Teachers say pay is to blame for Arizona teacher exodus

Posted at 6:38 PM, May 05, 2022
and last updated 2022-05-06 00:21:09-04

An Arizona teacher is leaving the classroom as a Social Studies teacher to work as a security guard in another state. The reason: more money.

Jon Knapp, a middle school teacher in Peoria, tells ABC15 that he has handed in his resignation because his average salary of $40,000 a year is not sustainable.

“Pay’s not going up, there’s no support from the state or even local governments that make me think it’s going to get better any time soon,” he said.

Knapp has enough to get by, but making ends meet to pay bills and have enough for groceries can be hard.

Says he's making ends meet by staying in a one bedroom apartment with a roommate, sleeping on a futon.

The low pay is a driving force to him leaving the classroom, although he didn’t want to leave the students he’s taught.

“I thought about leaving last year, I changed my mind, I just couldn’t do it, I wanted to be with my kids," he said.

He’s not alone — Susan Collins, a music teacher in Kingman said leaving the classroom doesn’t feel right in her heart, but also the pay is not enough for her single income household.

Collins has a Master’s Degree and has been teaching music classes for 30 years.

“That’s where my heart is but the financial responsibilities that I have as a single income earner for my household have weighed really heavily on me.”

It’s unclear right now how many teachers across the state will leave the classrooms as many districts still have contracts out.

The Dysart Unified School District has more teachers leaving this school year with around 9% of their certified staff (teachers) not renewing their contracts.

Out of 1,220 teacher contracts, 106 contracts were not submitted for 2022-2023.

That’s compared to 1,165 teacher contracts offered for 2021-2022, when 67 were not submitted.

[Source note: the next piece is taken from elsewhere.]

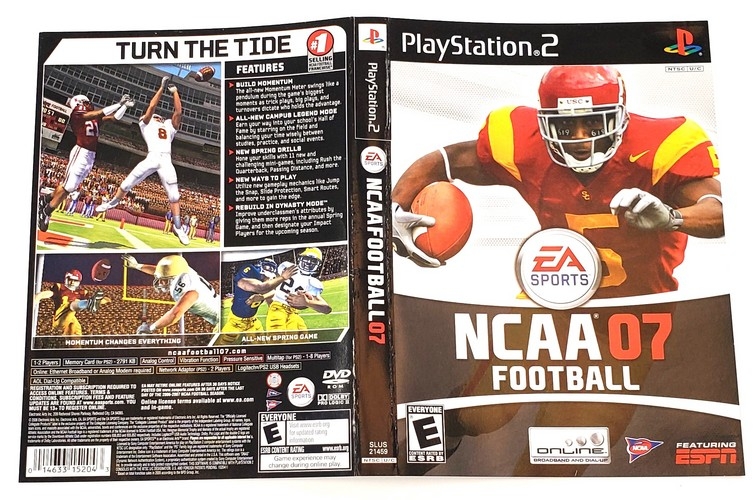 NCAA Football 07 (B)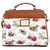 Loungefly Disney Princess Floral Ariel Belle Tiana Crossbody Purse Bag WDTB2032 Loungefly Disney Princess Floral Ariel Belle Tiana Crossbody Purse Bag WDTB2032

This means the retention rate has gone from 94.2% to 91.3%.

"We are extremely proud of our retention rate, and although we had slightly more movement in positions this year, it is in line with what job markets are seeing across the country right now. Currently we have 52 teacher openings for the 2022-2023 school year, and we are in a good position to have them all filled prior to the start of school,” a spokesperson for the district said.

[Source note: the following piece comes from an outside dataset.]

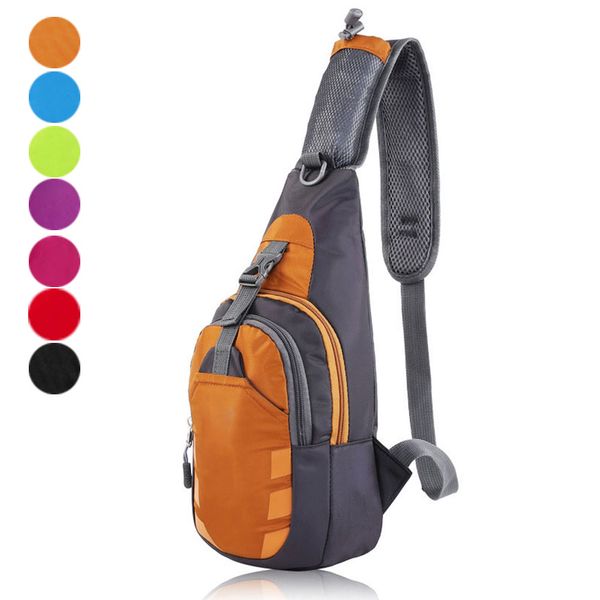 

nylon chest bags travel crossbody bag men women shoulder messenger bags b88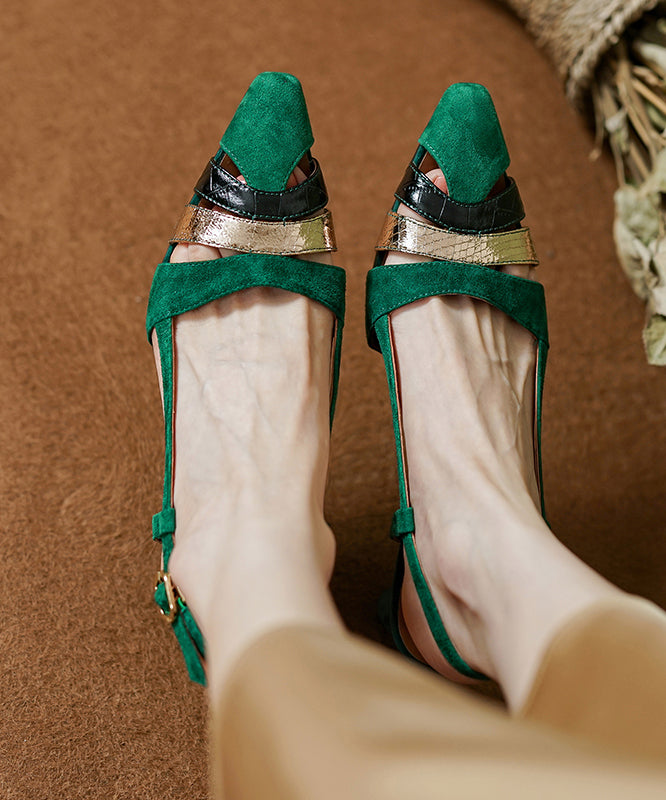 Vintage Inspired Orthopedic Sandals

In the Mesa Public Schools district, which employs 9,000, 5% of their employees are leaving.

In total: 368 teachers are leaving their positions, and 114 support staff are leaving their positions.

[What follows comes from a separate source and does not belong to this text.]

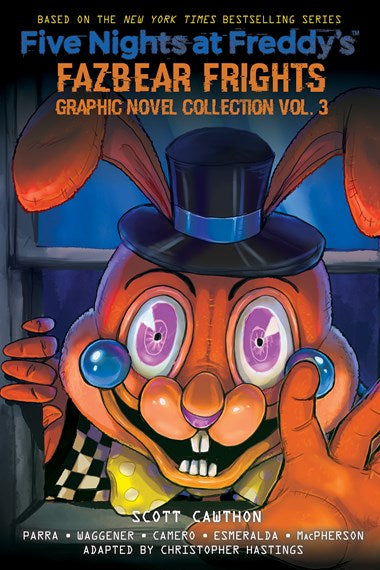 Five Nights at Freddy's: Fazbear Frights #3: Graphic Novel Collection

The Arizona School Personnel Administrators Association found in January that 31% of teacher vacancies remain unfilled and 47.7% of vacancies are filled by teachers who don’t meet the state’s standard certification requirements.

They also found that qualified teachers in certain subjects are at crisis levels: special education, math and science.

The Department of Education told ABC15 that the number of teachers and support staff leaving the classroom is unclear as they don’t have any kind of data tracking to indicate how many before the end of the year.

State Senator TJ Shope was on a school board in Coolidge for 12 years.

“I don’t know that this year is going to be any better or worse, we obviously don’t have figures on the percentage of people who have signed or resigned contracts to go back to their school district or charter,” he said.

Republicans have the majority in the Senate, and are working on budget talks.

“The formula spending will increase, that has been shown in the baseline of the budget,” he said. “My belief is that we will be putting some additional dollars into that, what that number is, I’m not sure at this point in time.”

With a $5.3 billion surplus in the state, ABC15 asked if more money is being considered for teachers or the classroom.

"I know that there are varying plans that are out there that people are putting forth, but at the end of the day we have to put forth a plan that is sustainable long term,” said Senator Shope. “Being a board member as long as I was, I always have concerns on the school districts and governing boards and putting money to where the legislative intent of those dollars go."